Is the following provable in Zermelo–Fraenkel Set Theory?

Question

Zermelo–Fraenkel Set Theory is a system of axioms for describing set theory.

For example, Zermelo–Fraenkel Set Theory says things like:

For any set $x$ and any set $y$ there exists a set $z$ such that $x \in z$ and $y ∈ z$.

I have a conjecture, and my question is, "Is my conjecture provable using only Zermelo–Fraenkel Set Theory and basic logic?"

The conjecture itself is extremely simple. However, the formal wording is ugly, so I have moved the formal conjecture to the very end of this post. If you like formalism, and hate sloppiness, then feel free to scroll of the bottom.

First, let us look at at an informal description:

We start off by being handed a function named $f$:

• The inputs of $f$ are natural numbers.
• The outputs of $f$ look like $(4, x)$ or $(9, y)$
• Every output of function $f$ is an ordered pair
  • The left-most element of the pair is a natural number.
  • We do not know exactly what the right-hand element is.
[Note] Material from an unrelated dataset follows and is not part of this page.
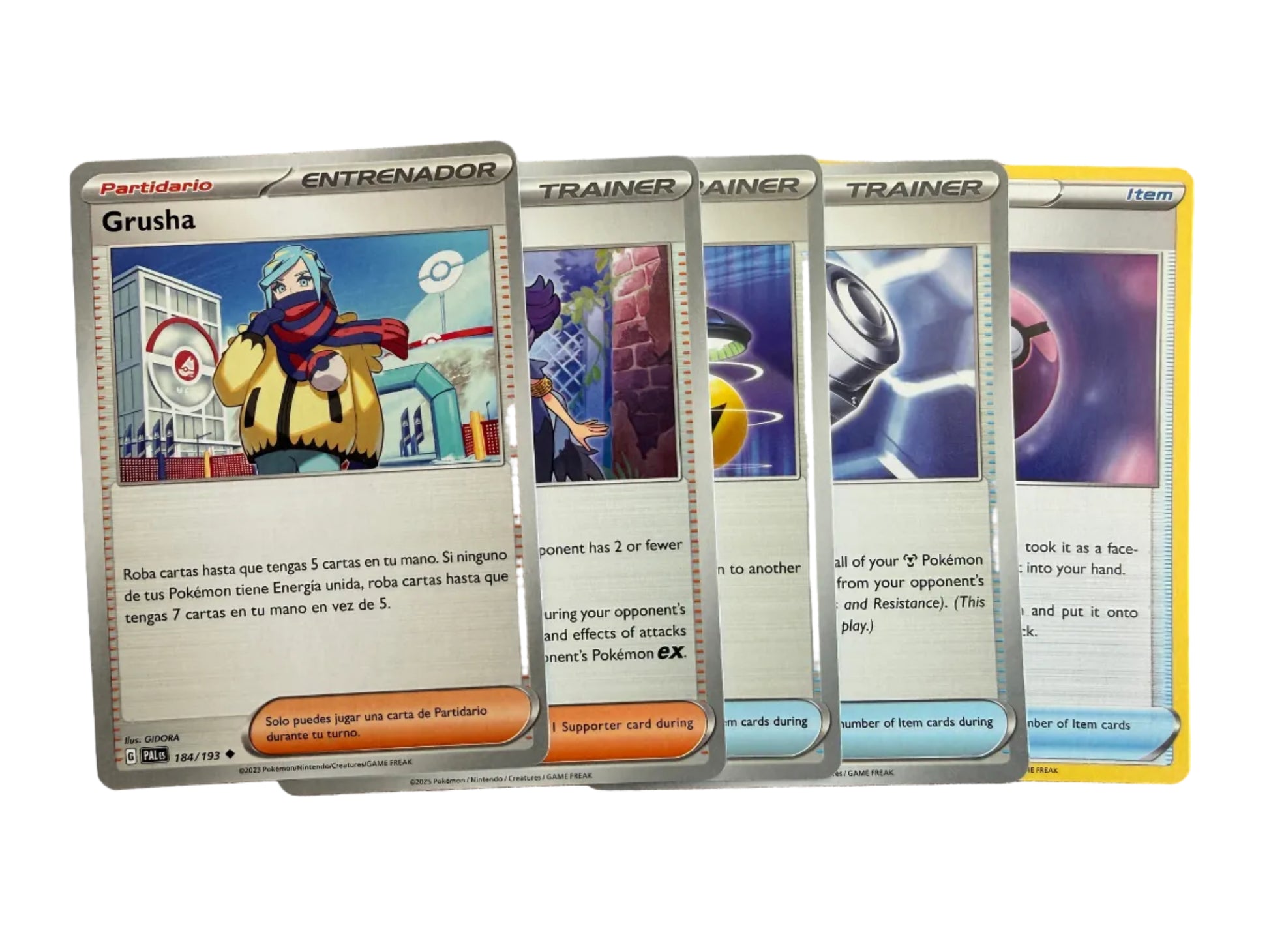 Collection of Pokemon trading cards with various designs on a white background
The function $f$ has one more special property:

• INFORMAL EXAMPLES:
  • $f(45)$ cannot be something like $(98, x)$
  • $f(45)$ must be $(45, x)$ for some $x$
  • The numbers must match.
• FORMAL GENERALITY:

  for some set $B$, $\forall k \in \mathbb N$, $\forall p \in \mathbb N$, $\forall b \in B$, if $f(k) = (p, b)$, then $k = p$.
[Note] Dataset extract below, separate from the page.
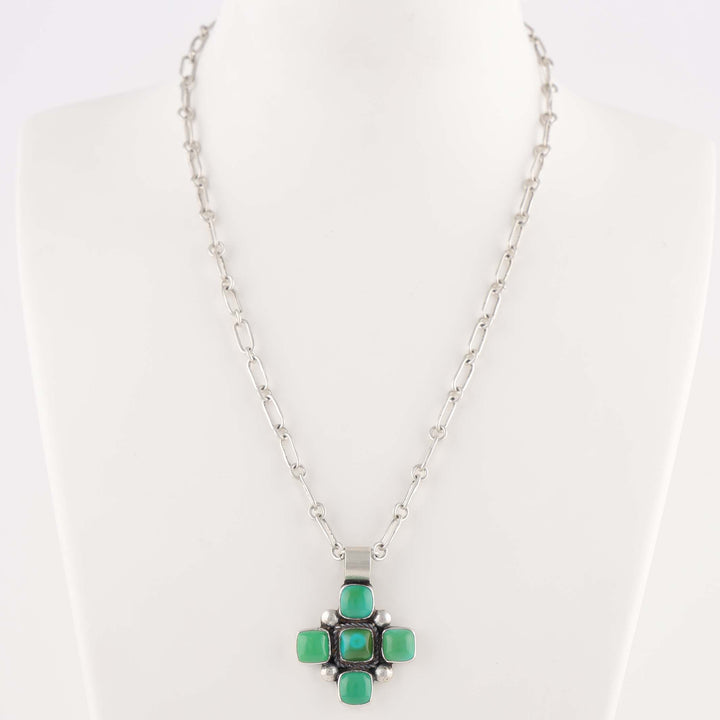 Turquoise Cross Pendant on Chain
We want to show that, if function $f$ exists, then the relation $g$ constructed from $f$ by removing the left-hand numbers in the ordered pairs is a function.
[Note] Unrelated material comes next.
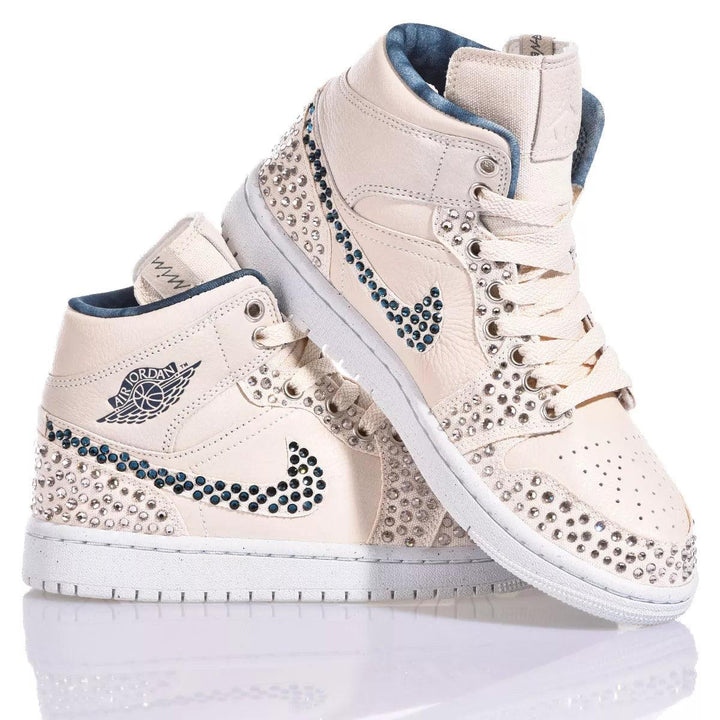 Custom Air Jordan 1 Beige With Rhinestones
For example, if $f(89) = (89, x)$ then $g(89) = x$.

Formally, if there exists a set $B$ such that

$f$ is a mapping from $\mathbb{N}$ to $(\mathbb{N} \times B)$, then $g = \{(k, b): \text{$k \in \mathbb{N}$ and $b \in B$ and $f(k) = (k, b)$}\}$.

BEGIN FORMALIZATION OF THE CONJECTURE:

For any set $B$, if there exists a function $f$ from $\mathbb{N}$ to $(\mathbb{N} \times B)$ such that for every $k$ in $\mathbb N$, there exists $b$ in $B$ such that $(k, (k, b))$ is in $f$, then there exists a function $g$ from $\mathbb N$ to $B$ such that for all $k \in \mathbb N$, $f(k) = (k, g(k))$.

Answer 1

Yes, this is essentially trivial to prove. Explicitly, given that you know that $\mathbb{N}\times B$ is a set (for a proof of that, see If $X$ and $Y$ are sets, their cartesian product $X\times Y$ is a set. for instance), then your $g$ can be defined as $$\{x\in\mathbb{N}\times B:\exists k\exists b (x=(k,b)\wedge(k,(k,b))\in f)\},$$ which exists by Separation. To prove $g$ is a function, suppose $k\in\mathbb{N}$ and $b,c\in B$ are such that $(k,b)\in g$ and $(k,c)\in g$. By definition of $g$, this means that $(k,(k,b))\in f$ and $(k,(k,c))\in f$. Since $f$ is a function this implies $(k,b)=(k,c)$, and thus $b=c$. To prove the domain of $g$ is all of $\mathbb{N}$, let $k\in\mathbb{N}$; then we know there is some $b\in B$ such that $(k,(k,b))\in f$, and then $(k,b)\in g$ by definition of $g$. Similarly it is immediate from the definition that $g$ satisfies $f(k)=(k,g(k))$ for all $k\in\mathbb{N}$.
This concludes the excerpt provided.